Using patterned surface wettability to enhance air-side heat transfer through frozen water droplet vortex generators – Part II: CFD simulation results

Abstract

• Frozen water droplets can serve as vortex generators (VGs) to increase air-side heat transfer. • Hemispherical domes (i.e. model droplets) were simulated numerically to quantify performance. • Ten different configurations were investigated with the staggered VG pattern performing better than the inline pattern. • Changing the longitudinal spacing between VGs led to better performance. • Heat transfer enhancements from 14.0 to 75.9% were observed with pressure drop penalties from 35.7 to 165.6%. In this study, a novel technique for deploying hemispherical vortex generators (VGs) aimed at heat transfer enhancement via the naturally-occurring processes of condensation and freezing was proposed and investigated. By using patterned surface wettability to collect condensate and encourage coalescence in predetermined locations, it was hypothesized that large frozen droplets could be formed in various configurations which could serve as VGs. This approach was simulated numerically in the present communication (Part II) and examined experimentally in a previous study (Part I). For the CFD simulations, ten different configurations in channel flow emulating a fin density of 5 FPI were investigated.

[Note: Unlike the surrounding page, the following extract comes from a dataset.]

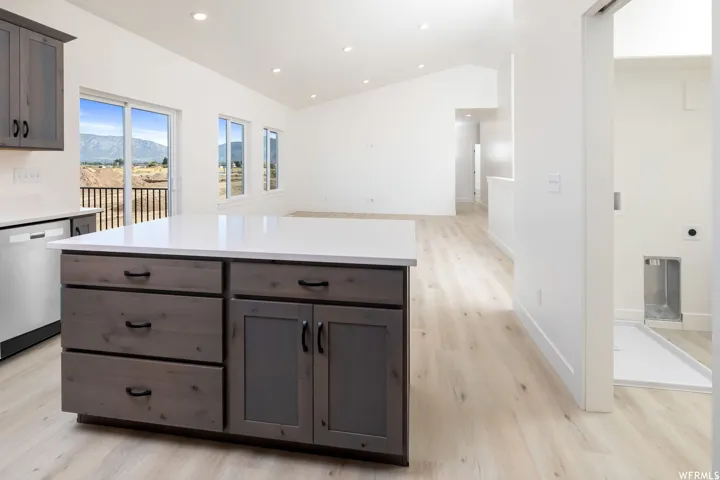 Kitchen featuring dishwasher, recessed lighting, light countertops, light wood-type flooring, and a kitchen island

Inlet air velocities of 1.0 and 2.0 m s −1 at 20°C were examined for the flow through the channel where the walls and VGs were set to -9°C to match the experimental conditions used in Part I. The air-side heat transfer coefficient, pressure drop, and temperature changes were then calculated after a converged solution was reached. Compared to a baseline configuration without VGs, heat transfer enhancements ranging from 14.0 to 75.9% were observed, with corresponding pressure drop increases (or penalties) ranging from 35.7 to 165.6%.